Swing-state ad campaigns have clearly exasperated this elderly co-pilot somewhere along the small-town Sparta-Elroy trail in Wisconsin. Mary is excited to meet a fellow cyclist — but doesn’t want to talk about my ‘vote climate’ bike stickers. Fair enough. She lives in a district that’s undoubtedly the target of million-dollar attack ad spend.
In a moment of true serendipity, we’ve stumbled into Mary and Gary, two locals who’ve just arrived to take their Frankenstein surrey out for a spin. Their trike is the only other solar-powered vehicle we’ll see on a 4,000-mile trip across the country.
Gary, the husband, has been fiddling around with electric bicycles since before I was born. His first creation was a cargo bike made of scrap metal and lead-acid batteries.
“Oh, lead-acid, how cool!” I say, with the naive self-assuredness of someone who knows just enough about battery chemistry to be dangerous in a roomful of people who know nothing about battery chemistry.
Beat.
Gary raises his eyebrows. “Lead-acid is NOT cool,” he replies. “Heavy, leaky, car-engine crap.” He pats the bicycle like it’s a well-behaved border collie. “This machine, way better. We can go forever on this thing.”
He then explains they’ve added on solar to extend their bike’s range. Where the couple used to turn around during daily rides before getting tired, the addition of a top panel keeps them going for longer — and has the added benefit of saving them a few dollars on electricity, which is kind to a retiree’s pocketbook during inflationary times.
Can you really make progress without involving politics?
December 2023, in the middle of the Atlantic Ocean
Somewhere along the 15th parallel, I realize that I’m crossing the ocean with a climate denier.
Let’s call him Captain Carlos. He’s a Cuban-American in his mid-sixties with a generous heart and a sharp mind. The generous heart is what led to him taking me and Polo onboard his luxury racing catamaran, free of charge, on a four-hour notice after we decided to (literally) jump ship on a difficult captain relationship on Polo’s previous vessel.

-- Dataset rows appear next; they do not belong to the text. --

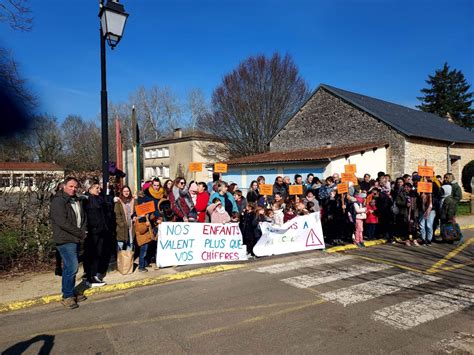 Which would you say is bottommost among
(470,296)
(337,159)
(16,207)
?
(470,296)

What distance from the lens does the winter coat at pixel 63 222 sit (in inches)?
202

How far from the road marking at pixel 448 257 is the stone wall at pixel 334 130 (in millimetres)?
13210

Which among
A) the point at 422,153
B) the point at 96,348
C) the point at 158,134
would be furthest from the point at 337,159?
the point at 158,134

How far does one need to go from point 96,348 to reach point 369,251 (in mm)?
6968

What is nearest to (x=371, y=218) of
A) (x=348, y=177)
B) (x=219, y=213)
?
(x=348, y=177)

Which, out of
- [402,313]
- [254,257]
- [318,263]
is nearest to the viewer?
[402,313]

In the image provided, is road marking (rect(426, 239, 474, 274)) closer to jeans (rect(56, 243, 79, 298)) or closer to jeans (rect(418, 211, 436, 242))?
jeans (rect(418, 211, 436, 242))

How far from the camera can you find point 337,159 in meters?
20.4

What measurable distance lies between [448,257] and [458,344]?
15.9 feet

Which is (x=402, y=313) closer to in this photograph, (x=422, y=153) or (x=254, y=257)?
(x=254, y=257)

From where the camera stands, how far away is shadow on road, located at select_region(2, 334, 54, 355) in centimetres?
389

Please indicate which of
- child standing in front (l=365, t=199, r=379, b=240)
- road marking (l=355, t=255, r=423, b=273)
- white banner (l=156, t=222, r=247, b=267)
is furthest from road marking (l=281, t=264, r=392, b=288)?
child standing in front (l=365, t=199, r=379, b=240)

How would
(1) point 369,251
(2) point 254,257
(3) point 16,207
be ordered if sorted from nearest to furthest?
(3) point 16,207 < (2) point 254,257 < (1) point 369,251

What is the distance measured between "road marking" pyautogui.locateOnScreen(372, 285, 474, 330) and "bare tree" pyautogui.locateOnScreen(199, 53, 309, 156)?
29310mm
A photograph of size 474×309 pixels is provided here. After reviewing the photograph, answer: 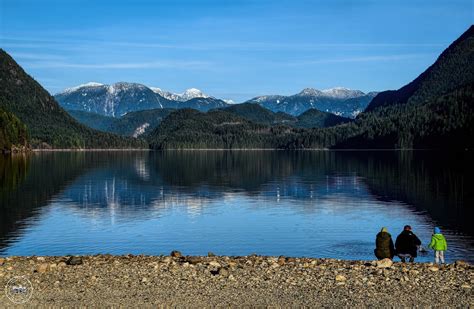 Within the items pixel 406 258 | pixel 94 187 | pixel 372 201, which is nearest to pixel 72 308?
pixel 406 258

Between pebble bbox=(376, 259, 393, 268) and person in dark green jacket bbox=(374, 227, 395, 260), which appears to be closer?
pebble bbox=(376, 259, 393, 268)

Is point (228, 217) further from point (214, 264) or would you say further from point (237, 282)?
point (237, 282)

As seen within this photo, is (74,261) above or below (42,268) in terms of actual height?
below

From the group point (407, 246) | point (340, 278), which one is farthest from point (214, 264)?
point (407, 246)

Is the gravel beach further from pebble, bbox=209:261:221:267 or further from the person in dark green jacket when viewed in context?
the person in dark green jacket

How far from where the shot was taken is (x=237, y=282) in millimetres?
30734

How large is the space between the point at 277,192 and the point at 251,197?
8.22m

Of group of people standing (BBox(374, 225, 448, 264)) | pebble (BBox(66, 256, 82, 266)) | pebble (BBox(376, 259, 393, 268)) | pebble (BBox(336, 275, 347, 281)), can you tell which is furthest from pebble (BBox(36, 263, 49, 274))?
group of people standing (BBox(374, 225, 448, 264))

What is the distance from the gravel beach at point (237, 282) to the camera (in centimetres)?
2705

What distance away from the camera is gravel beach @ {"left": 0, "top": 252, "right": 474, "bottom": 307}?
2705 cm

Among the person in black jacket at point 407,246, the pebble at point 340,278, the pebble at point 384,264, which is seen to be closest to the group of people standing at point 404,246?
the person in black jacket at point 407,246

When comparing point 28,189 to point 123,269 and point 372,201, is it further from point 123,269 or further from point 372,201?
point 123,269

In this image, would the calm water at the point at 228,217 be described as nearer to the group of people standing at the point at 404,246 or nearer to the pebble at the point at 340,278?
the group of people standing at the point at 404,246

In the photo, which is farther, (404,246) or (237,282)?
(404,246) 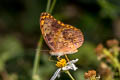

The sharp mind is what led to him making a few cool millions on POS software and retiring to Florida in his 40s.
I discover that Captain Carlos doesn’t believe in human-caused climate change during dinner one night. As Polo talks about his previous life as a decarbonization consultant, Captain Carlos starts launching into colorful tangents and physics calculations that somehow, definitively, disprove a lifetime of peer-reviewed work by career oceanographer and climatologist Stefan Rahmstorf.2
After a few heated exchanges, we agree to disagree. At this point, I had sailed enough miles to know that in the middle of the ocean, the captain is always right.
But here’s the thing about Captain Carlos. He was a strict vegetarian — as part of his personal quest to live a long and healthy life, he’d sworn on to tofu and tempeh. And instead of spending his millions on private jetting and helicoptering, there he was, in the middle of the ocean, making power with solar and wind, rationing water and power with climate-activist levels of dedication.
Do your intentions really matter if the end results are good?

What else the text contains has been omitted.